**Aim of the task**.
Reproduce the entries in full. Exclude all images from the copy.

***** Exercise input *****

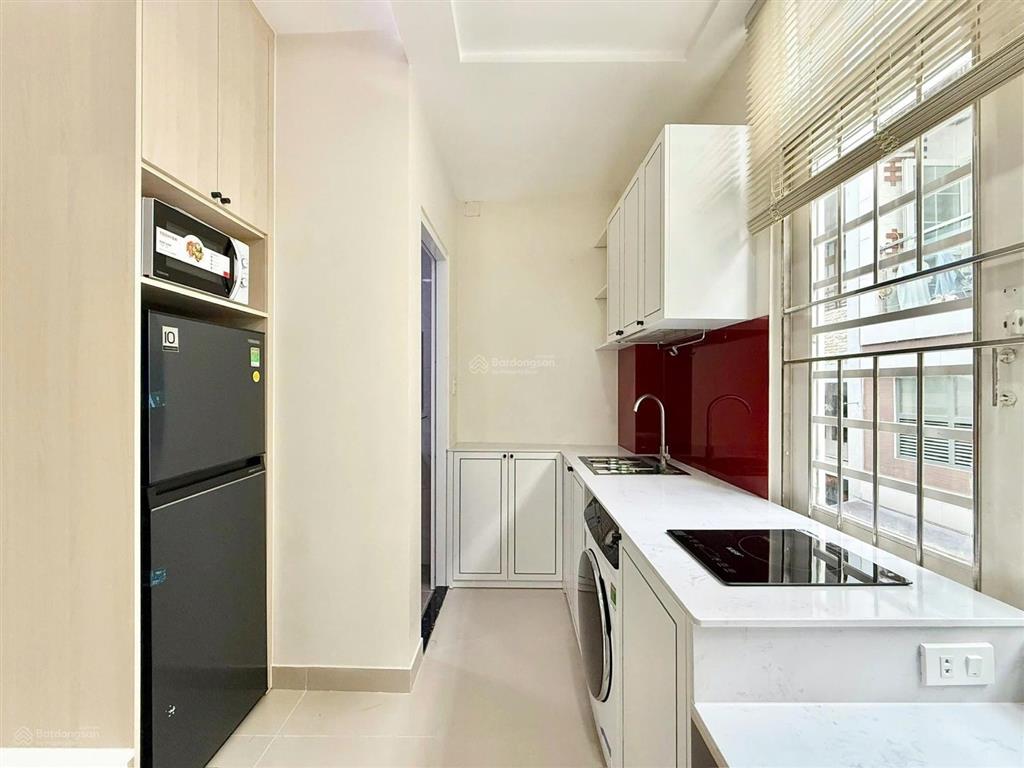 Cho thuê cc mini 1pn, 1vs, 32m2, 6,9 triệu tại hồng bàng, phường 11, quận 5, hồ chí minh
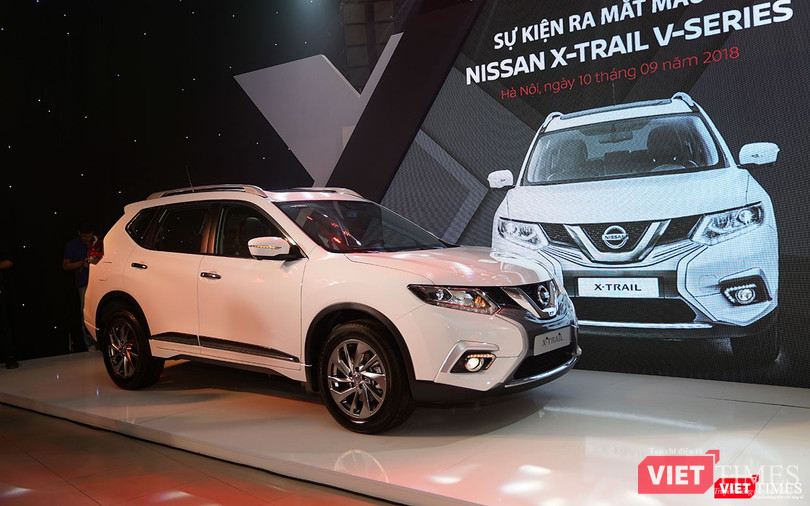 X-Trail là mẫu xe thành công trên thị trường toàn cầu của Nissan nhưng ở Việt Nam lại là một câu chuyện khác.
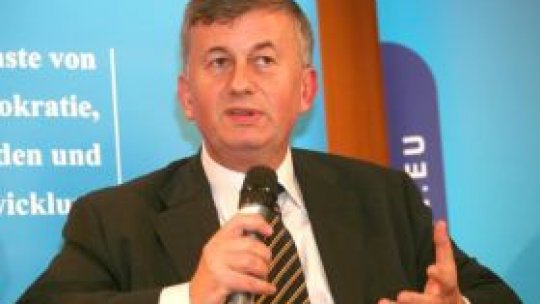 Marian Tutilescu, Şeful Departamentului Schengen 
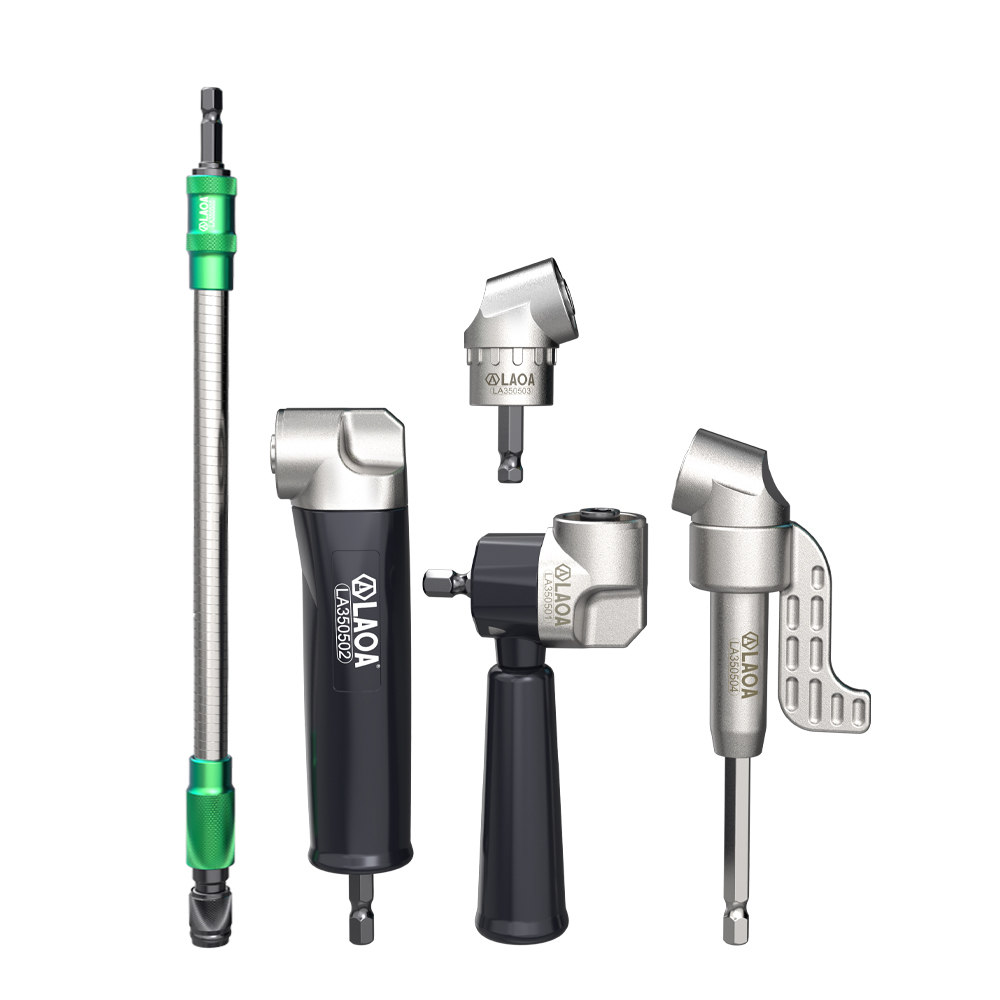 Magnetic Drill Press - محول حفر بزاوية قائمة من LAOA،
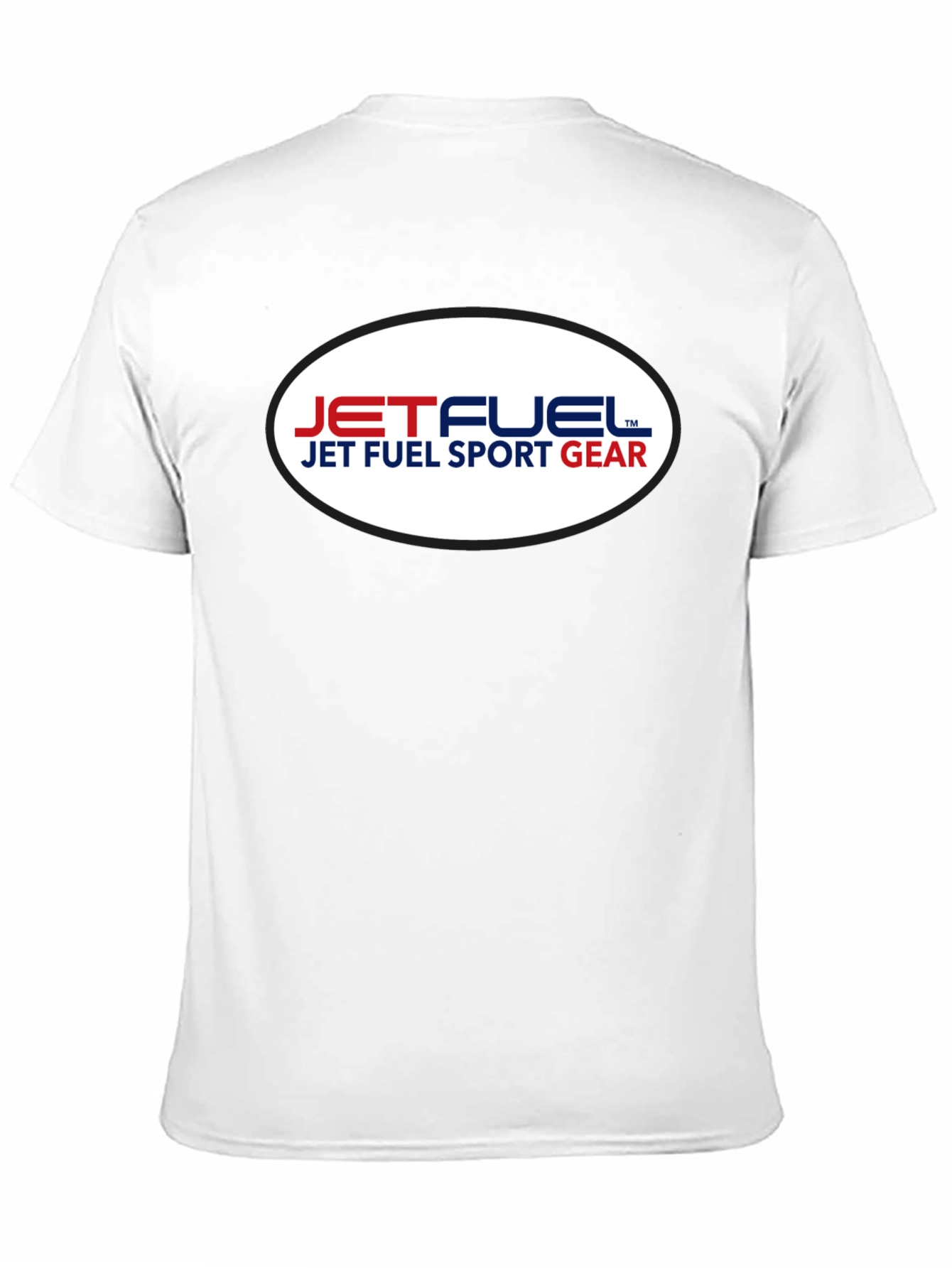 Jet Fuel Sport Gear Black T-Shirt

*****

**Solution for this problem**.
 Cho thuê cc mini 1pn, 1vs, 32m2, 6,9 triệu tại hồng bàng, phường 11, quận 5, hồ chí minh
 X-Trail là mẫu xe thành công trên thị trường toàn cầu của Nissan nhưng ở Việt Nam lại là một câu chuyện khác.
 Marian Tutilescu, Şeful Departamentului Schengen 
 Magnetic Drill Press - محول حفر بزاوية قائمة من LAOA،
 Jet Fuel Sport Gear Black T-Shirt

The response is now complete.